Brett Marston isn’t too impressed with the National Labor Relations Board’s decision last week that removed the right of graduate students to organize at private universities. He writes:

I don’t want to be uncharitable, but the majority seems to have little interest in the function of labor law. They seem to view it as a collection of information about congressional views on categories of relationships between people rather than as an attempt to reduce labor conflicts. For the majority, the relevant question is whether TA’s have a primarily “economic” or a primarily “educational” relationship to the university; if it’s the latter, then the administrators win, because educational relationships are not covered by the rules.

In contrast, the dissent seems to indicate that the function of labor law is to provide a regularization of existing disputes that are characterized by the unionizing participants themselves as labor disputes. It’s the disputes themselves that matter, not the formal relationship categories that Congress has helped create.

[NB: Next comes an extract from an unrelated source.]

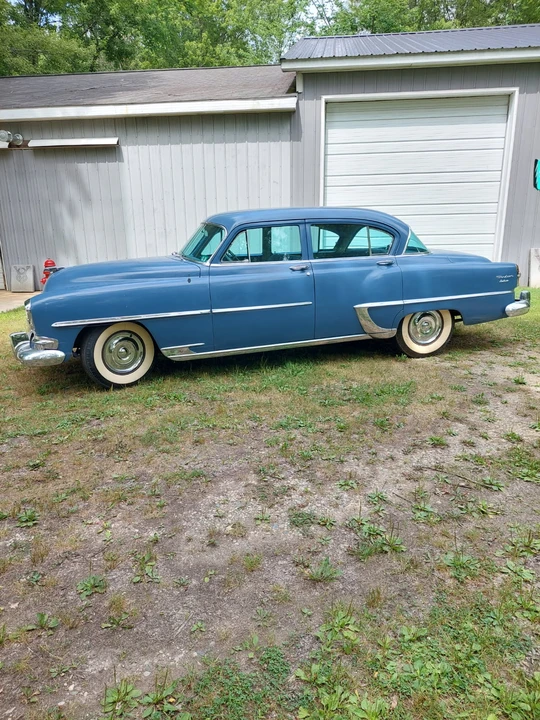 1954 Chrysler Windsor - Image 4 of 10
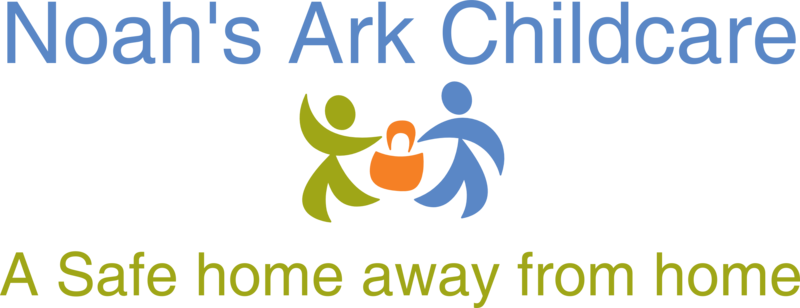 Noah's Ark Childcare Logo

My suspicion, however, is that TA unionization doesn’t “reduce labor conflicts” at all; instead, it is a vehicle for graduate students to obtain greater benefits from their employer/educator than they might otherwise receive (by bargaining collectively, rather than on an individual basis), which seems rather orthogonal to the idea of “conflict.” If anything, having a union would seem to create a system by which disputes between graduate students and the administration would be increased and intensified, by being channeled into adversarial activities such as “work to rule” and strikes—events that wouldn’t occur if disgruntled students had individual disputes with the administration.

On the other hand, I was raised in an era and a political culture hostile to unions, and grew up cheering on Margaret Thatcher as she pummelled Britain’s excessively powerful labor unions into submission, so I could be wrong.

4 comments:

Any views expressed in these comments are solely those of their authors; they do not reflect the views of the authors of Signifying Nothing, unless attributed to one of us.

Chris:

I grew up cheering on Ronnie Reagan (for what it’s worth) but the question turns on whether you think it’s accurate to say that “disgruntled students” who have “individual disputes” are at the root of already existing grad student unionization efforts. Folks at Yale had a strike even before the NLRB was clearly on the union’s side, and I doubt that the issue will go away at Yale (and other places) even after the Board’s latest ruling. That’s the main reason to be skeptical of the Board majority’s depressingly positivistic and mechanistic approach to labor law. In reading the law mechanistically—as well as writing their own policy preferences into the law—the Board didn’t do anyone any favors in the long term.

 

Chris: If you were cheering on Reagan and Thatcher for union-busting, you started cheering politicians at a really young age, didn’t you? You were what, 12, when GHWB became president?

 

Brock: What can I say? I was a political junkie from a young age.

One thought that occurs to me on the unionization business is it might be a backdoor way to reduce the overproduction of Ph.Ds, by concentrating limited funds on fewer students (through increased stipends).

I also think unionization is more of an issue in disciplines (English, history) that have way too many Ph.D students to begin with; political science seems relatively close to having supply and demand in check, though there are subfields where that plainly isn’t the case (notably, about half of the American positions on eJobs seem to be for racial and ethnic politics at the moment).

 

“it might be a backdoor way to reduce the overproduction of Ph.Ds, by concentrating limited funds on fewer students (through increased stipends).”

At Yale, GESO made this explicit claim in the mid- to late 1990s. It makes sense to me!